Administration is a formal insolvency process designed to give struggling businesses breathing space while a licensed insolvency practitioner works on a recovery plan.

When your company goes into administration, day-to-day control passes from you as the director to an appointed administrator. The administrator must be a licensed insolvency practitioner. Their legal duty is to act in the best interests of creditors as a whole, not the directors or shareholders.

The administrator’s goals usually follow this order of priority:

  1. Rescue the company as a going concern – ideally keeping the business trading and saving jobs.
  2. Achieve a better result for creditors than would be possible through liquidation.
  3. Realise assets to pay secured or preferential creditors if neither of the above is achievable.

How does administration protect a company?

The most important feature of administration is the statutory moratorium. This gives your company breathing space by preventing creditors from:

  • Enforcing security, such as appointing a receiver
  • Starting or continuing legal proceedings
  • Petitioning for winding up
  • Sending bailiffs to seize assets

This protection applies automatically once the administration is approved by the court or formally filed.

When is administration used?

Administration isn’t suitable for every insolvent business. It’s generally used when the company still has value worth protecting, such as:

  • Contracts, property leases or intellectual property
  • A workforce and brand that make it attractive for sale
  • The potential to return to profitability with restructuring

It’s often seen in industries like retail, hospitality or manufacturing, where companies employ staff, hold long-term leases and supply chains depend on continuity.

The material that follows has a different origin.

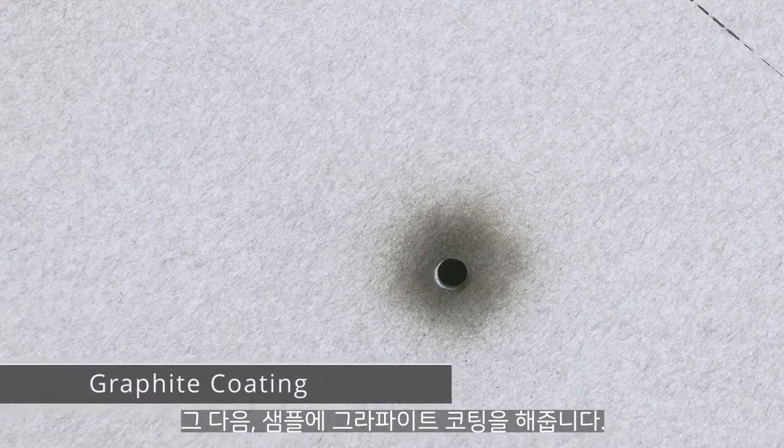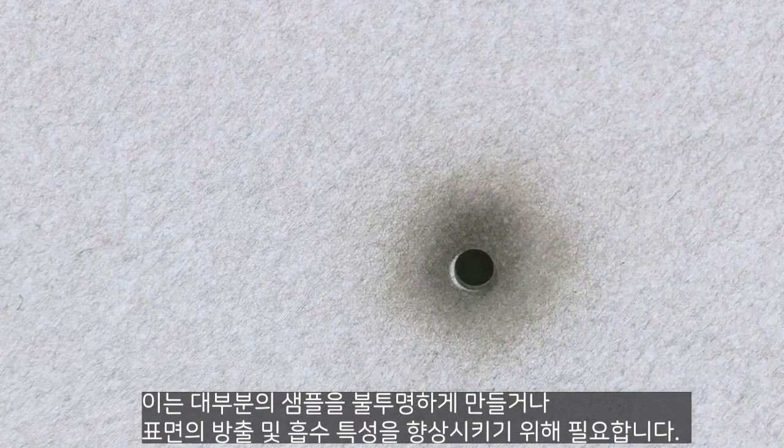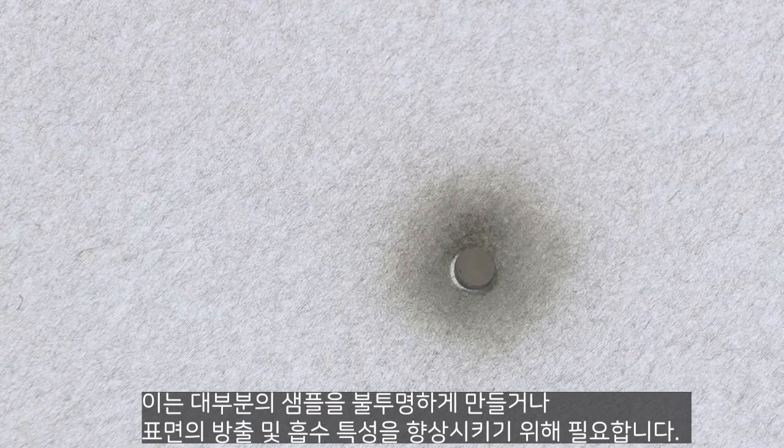Afterwards, a graphite coating is applied on the sample. This is necessary for most samples to make them opaque or to enhance the emission and absorption properties of the surfaces.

Administration vs Liquidation

Liquidation – through Creditors’ Voluntary Liquidation – is about closing down a company and selling off assets to pay creditors. Administration, by contrast, aims to rescue or sell some or all of the business, to get it back on track.

That said, Administration can still lead to liquidation if saving the business isn’t viable. In some cases, the administrator will sell the assets through what’s known as a “pre-pack administration” – where a buyer (sometimes even the existing directors, under strict rules) takes over quickly to protect jobs and contracts.

The role of directors in Administration

Once your company enters Administration, you no longer control day-to-day operations. However, you still have important responsibilities:

  • Providing the administrator with full financial records and cooperation
  • Staying compliant with your director duties under the Insolvency Act
  • Assisting in finding the best possible outcome for creditors

If you’ve acted responsibly, administration is not usually a risk to your personal position. But wrongful trading, preferential transactions or misuse of company funds before insolvency can be investigated.

Alternatives to Administration

Not every struggling company needs Administration. Other insolvency and rescue options include:

An insolvency practitioner can help you decide which option fits your company’s circumstances.

Key takeaways: what is Administration?

  • Administration is a formal insolvency process led by a licensed insolvency practitioner.
  • It protects your company from creditor action through a statutory moratorium.
  • The goal is usually to rescue the business but it also aims to achieve a better return for creditors.
  • Administration is only suitable if the business still has value to preserve.
  • Alternatives like CVAs or liquidation may be more appropriate if recovery isn’t realistic.